The tourists were easy to spot; you nearly crashed into them when they slowed down to a safe crawl. Everyone else just used the easy anonymity as an excuse to overtake. Now you really could get away with murder, nobody would see you until it was too late and nobody could read your number plate as you sped off.
To my relief Akbar had pulled into the slow lane and drove within the speed limit. Despite the congested gloom I saw his head bobbing towards the buildings of the Business Bay and Downtown developments. I slowed down and followed one car back at a sedentary 120kph.

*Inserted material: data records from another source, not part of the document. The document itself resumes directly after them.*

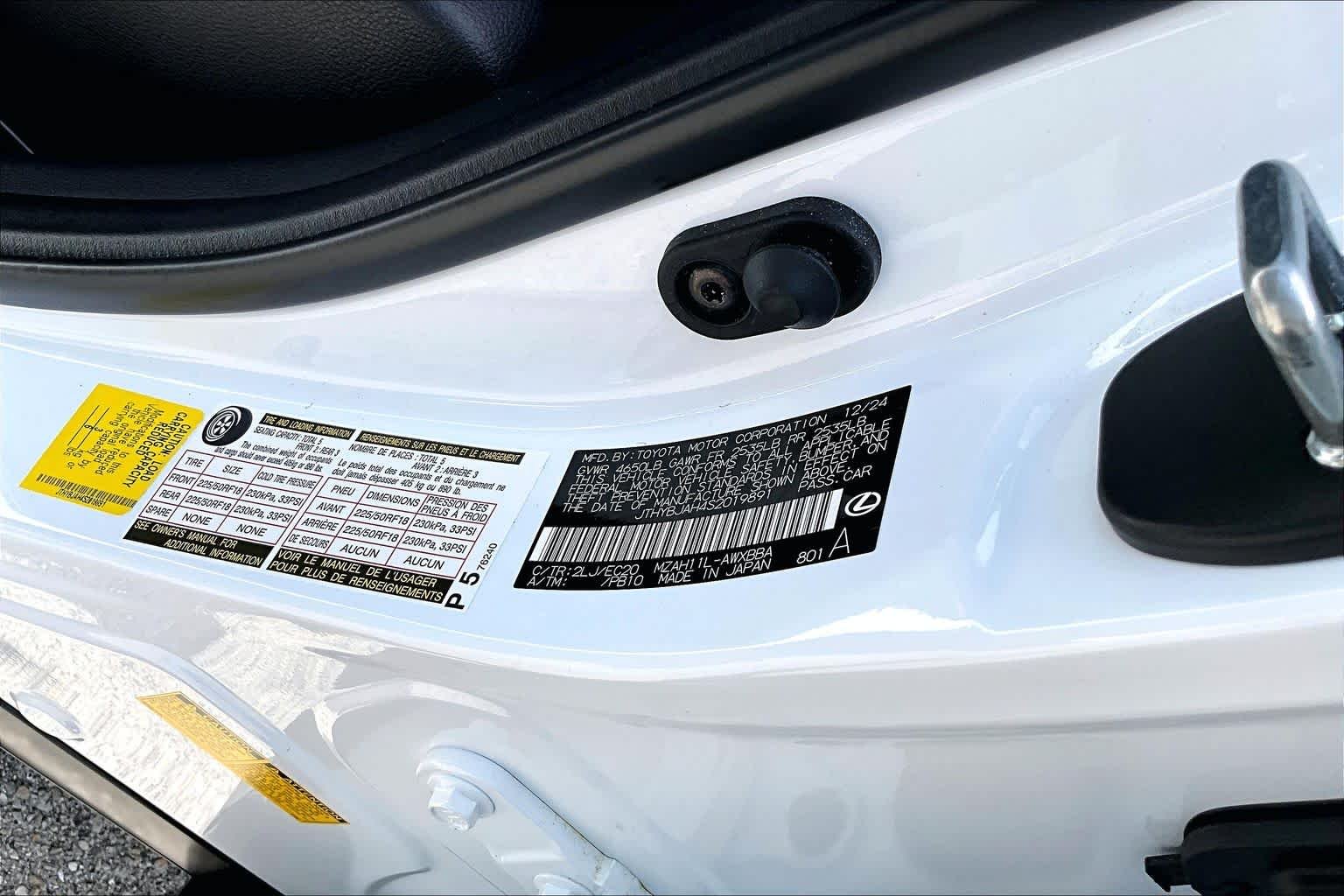 Used 2025 Ultra White with Obsidian Roof Lexus F SPORT Design image 35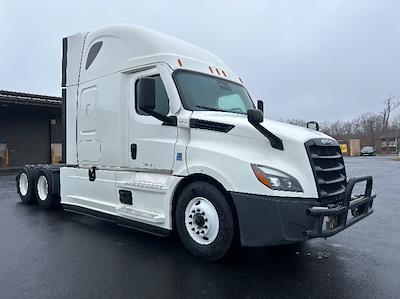 Used 2020 Freightliner Cascadia - photo 1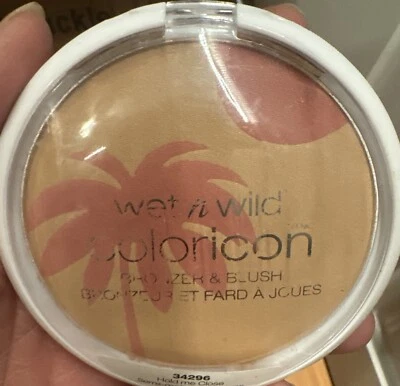 Wet n Wild Coloricon Bronzer & Blush Hold me Close #34296. Brand New. - Image 1 of 4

I lost sight of him and almost overshot the sharp turn he’d taken onto a concealed exit marked ‘Military Vehicles Only’. At the last moment I swung onto the dusty path and followed from a distance.
There were no check points on the road. The military vehicle sign seemed more than enough to deter the badly behaved citizenry of Dubai.
The road wound its way ever deeper into the first ring of towers in Business Bay and then the tarmac ran out. Akbar’s 4x4 kicked dust up into the fog as he beat a path into the haze. I could make out signs for malls and hotels that hadn’t broken ground yet, he picked up speed and the dust clouds grew.